Agak bosan juga menulis politik. Apalagi, sebagai blogger sejak 2009 silam, kadang saya juga suka membuat artikel random yang jika dihitung hampir 1.000!
Baik tentang kucing (https://www.kompasiana.com/roelly87/65311eb4d5af030be40c23d2/terima-kasih-orang-baik), musik, fiksi, hingga industri gulat hiburan. Yaitu, Edge saat pindah dari WWE ke AEW (Baca: https://www.roelly87.com/2023/10/edge-gabung-aew-reuni-lagi-dengan.html).
Eh, kembali ke Glodok! Sekarang kalo ke kawasan Pecinan di Jakarta Barat ini, saya suka senyum sendiri.
Maklum, sebagai ojek online (ojol), tentu Glodok merupakan kawasan paling diburu. Pusatnya, orderan kirim barang bersama Mangga Dua, Jembatan Lima, serta Perniagaan, yang masih satu kawasan dan terletak hanya seperlemparan batu.
Jika yang melemparnya, Hulk.
Kalo dulu, saya dari rumah di perbatasan T ke Glodok itu penuh perjuangan. Harus naik bus. Bisa M80 jurusan Grogol-Kalideres, P12 (Kalideres-Senen), atau P93 (Kota-Lebak Bulus).
Copet, jambret, dan kriminalitas merupakan santapan sehari-hari. Ga heran kalo saya menyebutnya penuh perjuangan.

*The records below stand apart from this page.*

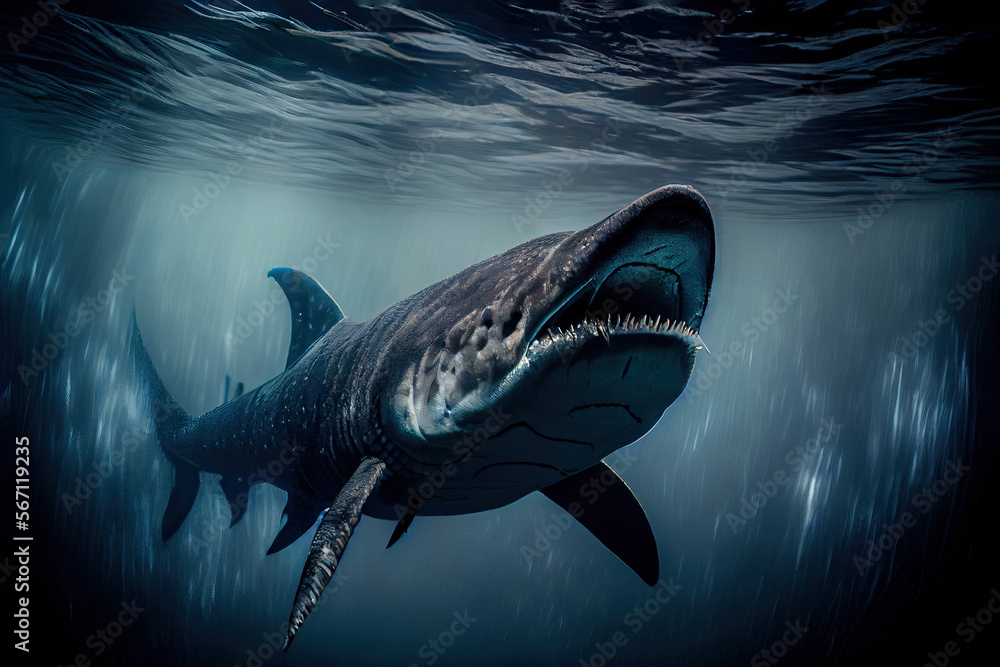 Naklejka premium Mosasaurus dinosaur, Generative AI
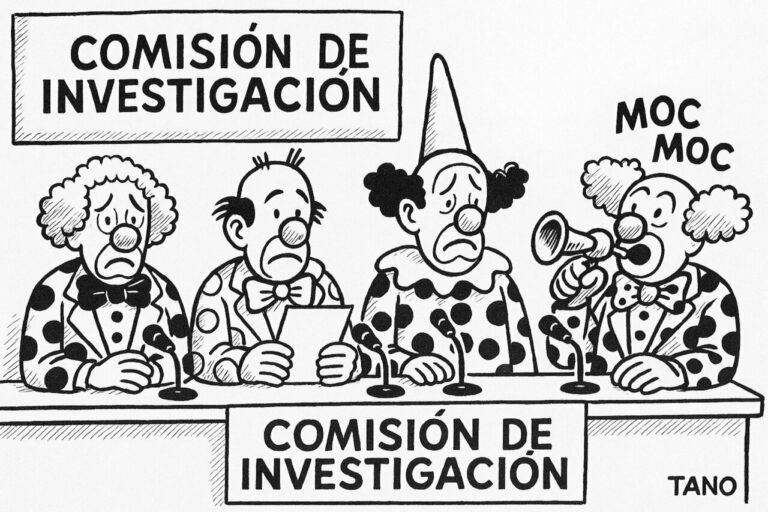 Viñeta humorística sobre comisiones de investigación en España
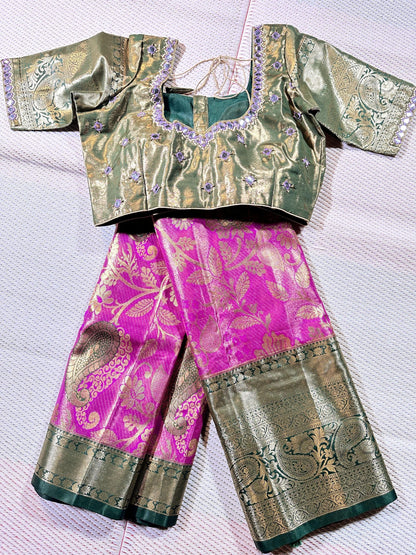 Kanchi Pattu Premium Silk Saree with Stitched Maggam Work. Ready to wear. Shipping from USA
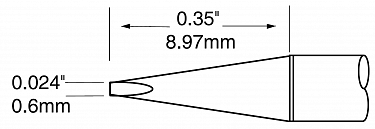 Картридж-наконечник для CV-UF, клин удлиненный, 0.6х9.0мм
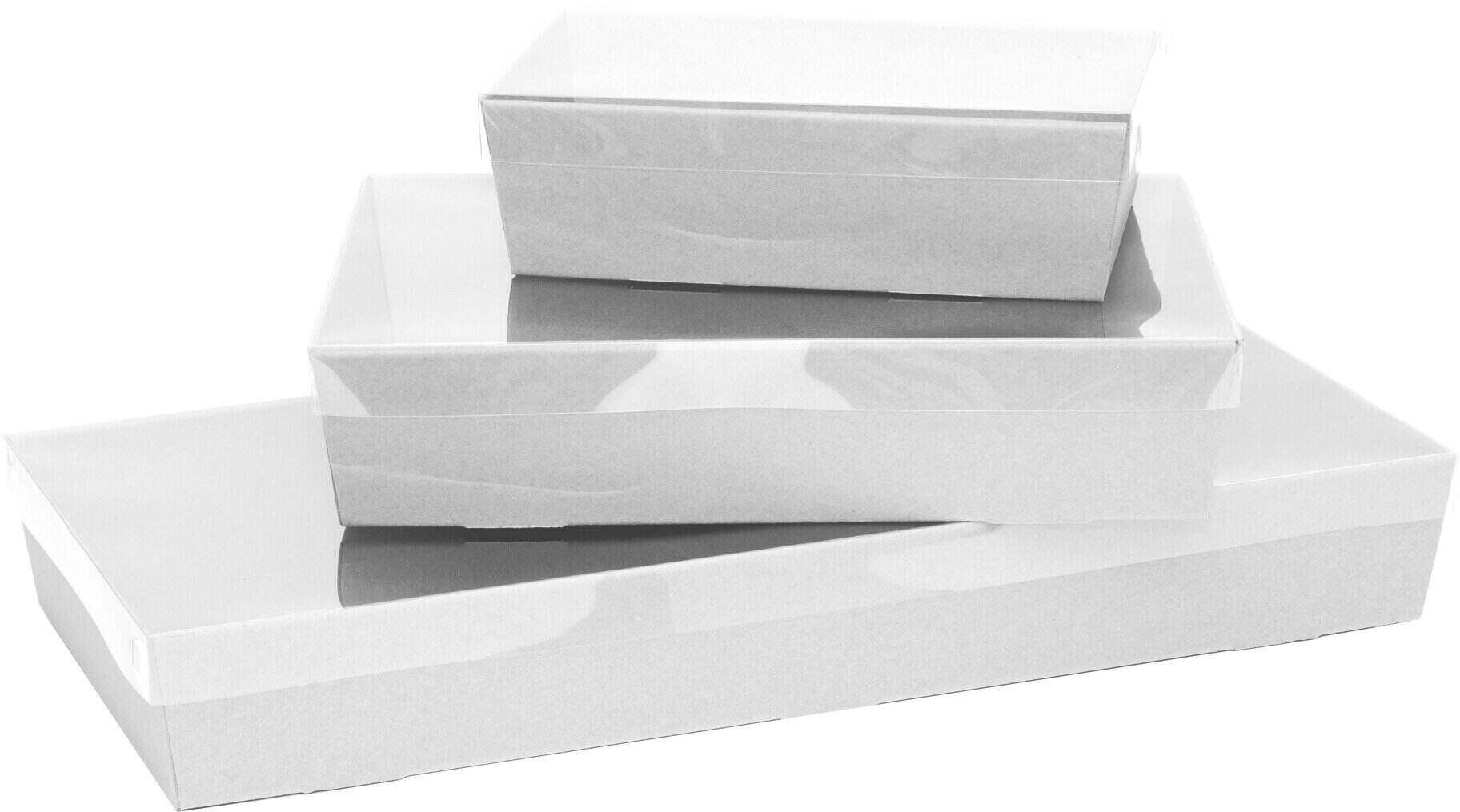 Hamper Gift Box Large White With Clear Lid - centaur packaging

Apalagi, ketika saya masih berseragam putih biru dan putih abu-abu.
Naik kereta? Ada. Dari Stasiun Poris ke Duri, transit menuju Kota atau Jayakarta.
Namun, jarang dilakukan. Karena kereta selalu penuh. Bahkan, hingga merayap di atas gerbong.
Belum lagi berdempetan dengan pengamen, penjaja asongan, cangcimen, karung buah seperti pisang, mangga, dan durian, parade ternak misalnya ayam, bebek, hingga kambing.